編集部 徴兵されるのを逃れるために、自分でわざとケガをしたり、病気になるように仕向けたりという…。
稲葉 作家の金子光晴が、息子に徴兵を逃れさせるために、松葉の煙でいぶして喘息の発作を起こさせた、なんて話がありましたけど、それとまったく同じ構図ですよね。ということは、「働ける人が生活保護を受けるのはけしからん」という人たちの目線は、「あいつらは徴兵逃れをしている、ずるい」という感情に近いのかな、と思うんです。
それは逆に言えば、それだけ労働市場が過酷になっているということでもありますよね。不正規雇用の人は非常に不安定な状況に置かれているし、正社員の人もその地位を守るために、場合によっては過労死寸前のオーバーワークに耐えざるを得ない。
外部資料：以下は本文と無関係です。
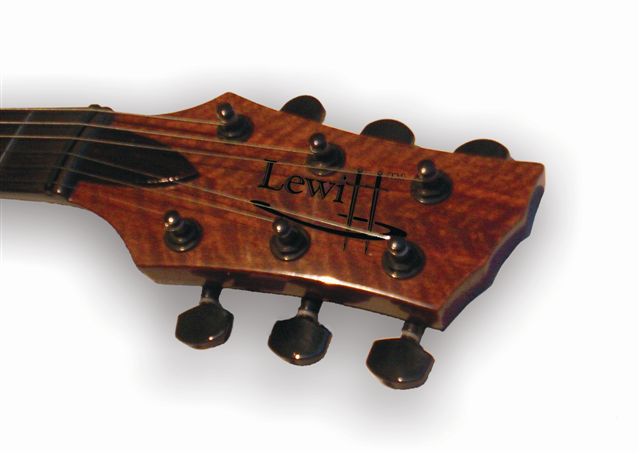 Lewitt Custom electric guitar headstock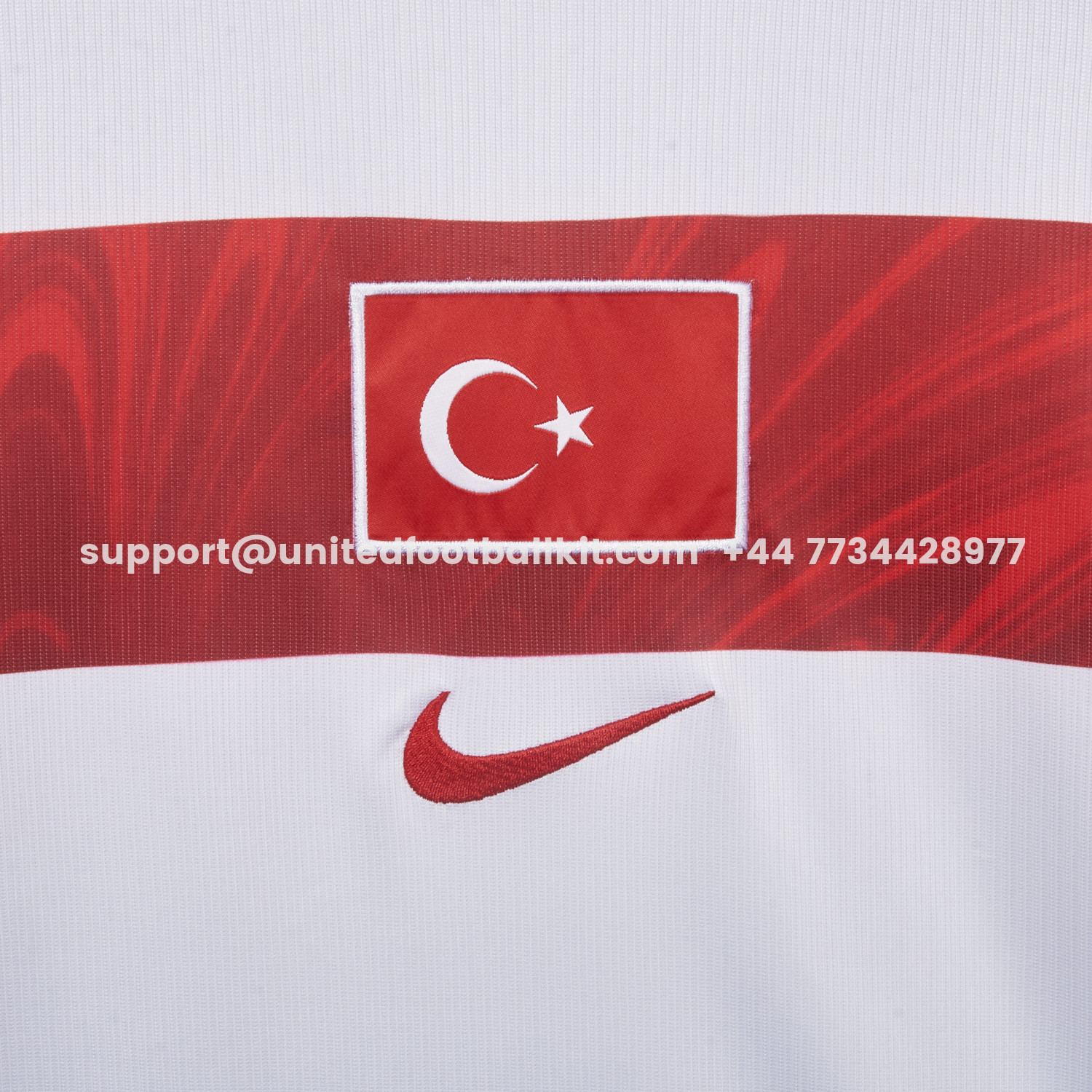 Unitedfootballkit.com | Turkey 2026 Home Jersey - Fans Version -Customize Name, Number and Patch | Worldwide Shipping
労働市場全体がそういう「兵役」のようなものになってしまっていることが、「あいつらは仕事もしないでずるい」という感情につながっているのかな、と。
編集部 労働が「つらいもの」という前提があるからこそ、「そこから逃れているのはずるい」ということになるわけですね。
稲葉 本来、仕事というのは大変なだけじゃなくて、それを通じて自己実現したり、社会とかかわったりつながったりという、喜びとしての側面も強いもののはずなんですよね。それが今の日本社会では、ただつらい、兵役のような劣悪な労働条件が広がってしまっている。
だから、働いている人たちの状況が悪くなればなるほど、福祉を受けている人たちへのバッシングは強まる。両方を同時に改善していかなければ、状況は変わらないんだろうなと感じますね。